_Provided data_:
***
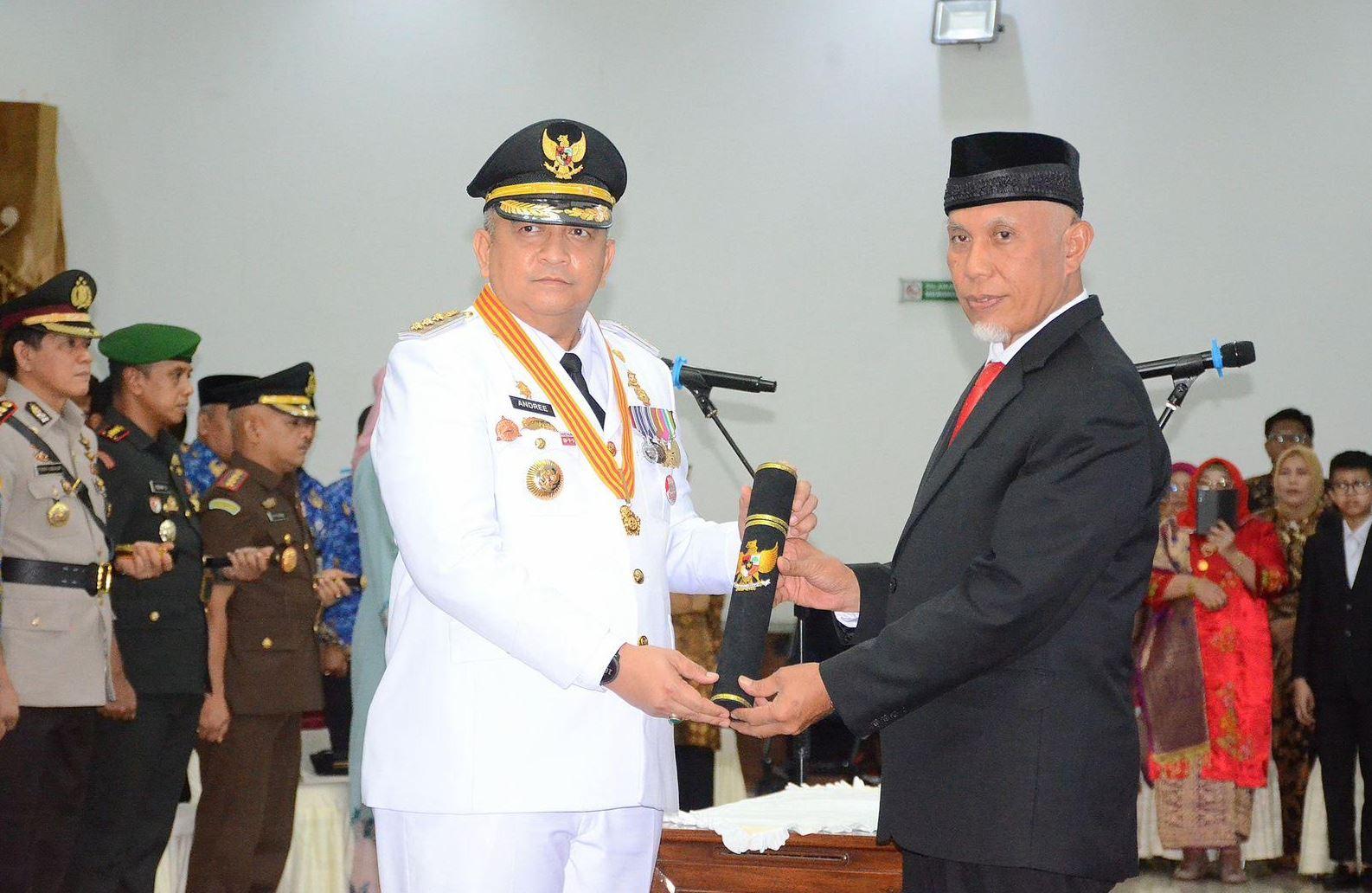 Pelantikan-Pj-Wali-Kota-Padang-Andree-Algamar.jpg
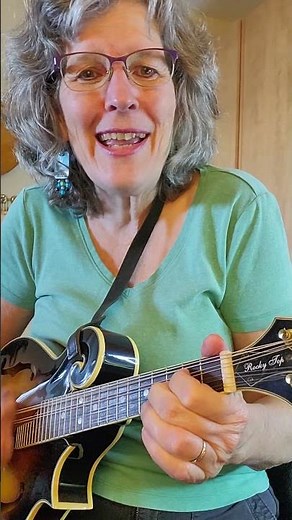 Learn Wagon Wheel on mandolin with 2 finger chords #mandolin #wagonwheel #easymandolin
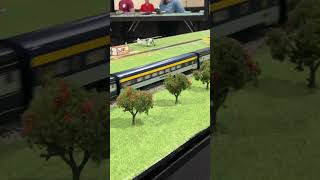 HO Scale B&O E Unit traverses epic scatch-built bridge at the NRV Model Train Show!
***
_Problem requirements_: Leave out the pictures and repeat the remaining data exactly.

_Written answer_:
 Pelantikan-Pj-Wali-Kota-Padang-Andree-Algamar.jpg
 Learn Wagon Wheel on mandolin with 2 finger chords #mandolin #wagonwheel #easymandolin
 HO Scale B&O E Unit traverses epic scatch-built bridge at the NRV Model Train Show!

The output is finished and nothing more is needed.